I was a poor and unmotivated student with unsuccessful tutoring in math, and had the attention span of a mite. Episcopal High School was mine and my parents answer to the “lack of maturation and focus” dilemma. I arrived at EHS and said goodbye to my folks. Mom cried. Thanks to William Riley Deeble, who was the first master I met at my new dormitory home, I had no time to feel sorry for myself as he sent John McCain and me and others who would become good friends immediately to explore.

The earliest crisis at EHS for me was a total lack of communication from my mom and dad. It was a full two weeks later that Mr. Thomsen told Mr. Deeble, who in turn told me, that my mailbox right there at the dining hall entrance was overflowing. I had the wrong mail box number. The worst emotional insult (at the time) that I had ever experienced was immediately dissipated. I can clearly see in my mind where Mr. Deeble was standing — just outside the dorm door next to the tennis court just after the last morning class when I learned that “all was okay.”

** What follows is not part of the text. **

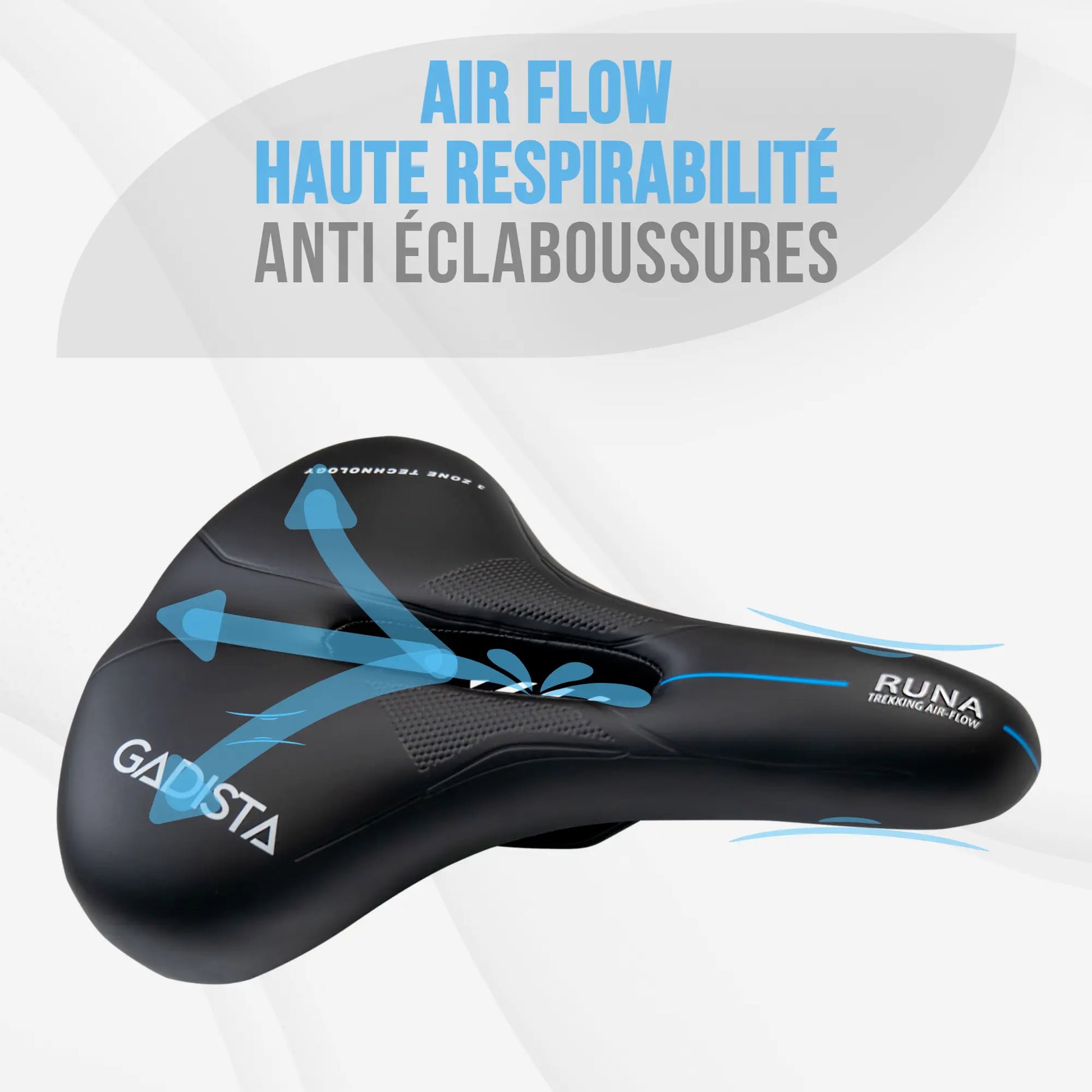 Selle velo RUNA ultra confortable fait mains en ITALIE avec technologie brevetée 3ZONES, usage VTT, ville ou  Randonnée. GADISTA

Though I never took English history and was never coached by Mr. Deeble as a head coach, and though I never visited much at the masters’ homes, Mr. Deeble remained (with Mr. Callaway, Mr. Tompkins, Mr. Ravenel, Mr. Thomsen, Coach McLaughlin and Mr. Phillips) the heart and soul of what in retrospect I owe to Episcopal High School. And how much is that? It is indescribable, that I know. And Mr. Deeble was the only master that I asked to sign my 1951-1952 Whispers. I remember wanting him to sign more than others.

It is unlikely, Riley (if I may call you that now), that we can chat again as at this moment on Feb. 27, 2014, but I can promise you that long after I am gone the onrushing next generation McBryde crowd will have this letter to know how much EHS meant to me. And EHS is embodied in you, the last living master/EHS teacher of my time from 1951 to 1955. Though my sons and granddaughters are apparently not to be “old boys” or “old girls,” they and those to follow will know the lasting impact that you and the school on the hill had on me — and indirectly on them. You have my everlasting appreciation.

Angus McBryde lives in Columbia, S.C. He recently traveled to the Vineyard to visit William Riley Deeble, a longtime resident of West Tisbury, to deliver this letter.